> ACTION ITEM:
Which of the lines below include "with"? Each one should be copied out.
══════
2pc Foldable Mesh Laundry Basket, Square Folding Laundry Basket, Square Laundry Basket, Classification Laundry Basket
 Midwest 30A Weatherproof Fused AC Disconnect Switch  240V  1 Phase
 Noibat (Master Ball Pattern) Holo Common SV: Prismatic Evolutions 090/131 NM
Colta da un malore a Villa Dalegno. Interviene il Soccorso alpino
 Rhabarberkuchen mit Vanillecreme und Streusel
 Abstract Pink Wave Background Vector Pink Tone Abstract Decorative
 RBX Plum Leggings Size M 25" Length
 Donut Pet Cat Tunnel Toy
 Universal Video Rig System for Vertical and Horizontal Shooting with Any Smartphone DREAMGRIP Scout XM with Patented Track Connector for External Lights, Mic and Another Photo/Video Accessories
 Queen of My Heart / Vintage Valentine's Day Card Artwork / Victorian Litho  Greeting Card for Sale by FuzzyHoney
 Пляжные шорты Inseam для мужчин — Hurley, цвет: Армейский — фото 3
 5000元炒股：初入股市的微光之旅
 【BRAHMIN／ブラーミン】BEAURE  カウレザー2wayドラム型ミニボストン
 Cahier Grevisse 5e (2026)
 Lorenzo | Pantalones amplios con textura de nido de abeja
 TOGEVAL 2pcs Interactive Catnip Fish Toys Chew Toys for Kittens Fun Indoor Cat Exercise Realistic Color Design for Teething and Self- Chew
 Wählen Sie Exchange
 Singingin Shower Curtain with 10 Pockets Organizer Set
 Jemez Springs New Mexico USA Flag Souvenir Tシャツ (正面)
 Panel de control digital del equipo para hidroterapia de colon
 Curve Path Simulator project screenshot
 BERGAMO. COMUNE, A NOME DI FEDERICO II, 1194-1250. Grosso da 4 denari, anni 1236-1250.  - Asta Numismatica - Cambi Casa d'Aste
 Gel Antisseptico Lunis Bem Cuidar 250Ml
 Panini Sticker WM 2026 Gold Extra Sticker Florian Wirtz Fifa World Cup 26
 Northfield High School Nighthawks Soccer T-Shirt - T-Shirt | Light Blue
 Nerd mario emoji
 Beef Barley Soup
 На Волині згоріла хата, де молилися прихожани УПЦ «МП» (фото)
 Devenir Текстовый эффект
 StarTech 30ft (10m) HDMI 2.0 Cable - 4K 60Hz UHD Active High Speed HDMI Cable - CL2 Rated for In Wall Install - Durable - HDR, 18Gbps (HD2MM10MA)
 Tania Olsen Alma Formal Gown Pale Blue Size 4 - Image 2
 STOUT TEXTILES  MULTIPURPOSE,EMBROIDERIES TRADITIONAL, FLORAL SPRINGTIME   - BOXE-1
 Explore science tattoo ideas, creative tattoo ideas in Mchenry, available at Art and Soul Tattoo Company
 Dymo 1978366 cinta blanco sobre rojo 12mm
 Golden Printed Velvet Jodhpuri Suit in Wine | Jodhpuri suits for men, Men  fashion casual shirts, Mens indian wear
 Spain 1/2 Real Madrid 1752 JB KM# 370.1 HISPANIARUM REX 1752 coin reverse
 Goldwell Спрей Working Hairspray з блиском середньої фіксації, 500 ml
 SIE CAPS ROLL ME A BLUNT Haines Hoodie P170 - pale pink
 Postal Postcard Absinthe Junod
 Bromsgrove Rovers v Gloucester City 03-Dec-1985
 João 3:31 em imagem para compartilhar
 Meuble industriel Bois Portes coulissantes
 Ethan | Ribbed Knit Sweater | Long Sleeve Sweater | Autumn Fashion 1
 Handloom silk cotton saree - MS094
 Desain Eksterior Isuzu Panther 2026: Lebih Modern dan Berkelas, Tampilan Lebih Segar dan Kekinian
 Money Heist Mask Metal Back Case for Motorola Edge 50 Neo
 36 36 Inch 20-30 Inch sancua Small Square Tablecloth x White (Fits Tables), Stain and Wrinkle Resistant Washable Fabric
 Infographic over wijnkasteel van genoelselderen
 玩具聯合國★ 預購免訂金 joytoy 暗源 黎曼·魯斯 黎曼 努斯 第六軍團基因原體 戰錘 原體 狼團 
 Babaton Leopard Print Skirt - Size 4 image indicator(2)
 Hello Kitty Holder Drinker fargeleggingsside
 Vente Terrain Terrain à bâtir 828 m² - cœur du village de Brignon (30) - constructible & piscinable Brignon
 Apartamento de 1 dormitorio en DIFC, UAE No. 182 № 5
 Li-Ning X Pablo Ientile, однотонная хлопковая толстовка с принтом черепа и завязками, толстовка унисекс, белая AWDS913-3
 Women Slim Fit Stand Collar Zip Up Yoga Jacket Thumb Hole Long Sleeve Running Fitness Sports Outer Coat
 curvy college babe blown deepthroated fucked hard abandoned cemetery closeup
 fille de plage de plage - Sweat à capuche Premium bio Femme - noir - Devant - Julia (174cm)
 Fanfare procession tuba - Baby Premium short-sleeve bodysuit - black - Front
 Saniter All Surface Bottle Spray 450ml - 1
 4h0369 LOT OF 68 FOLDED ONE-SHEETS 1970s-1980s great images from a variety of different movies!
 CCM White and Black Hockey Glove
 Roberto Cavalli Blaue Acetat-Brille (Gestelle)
══════
> RESPONSE BOX:
 Universal Video Rig System for Vertical and Horizontal Shooting with Any Smartphone DREAMGRIP Scout XM with Patented Track Connector for External Lights, Mic and Another Photo/Video Accessories
 Singingin Shower Curtain with 10 Pockets Organizer Set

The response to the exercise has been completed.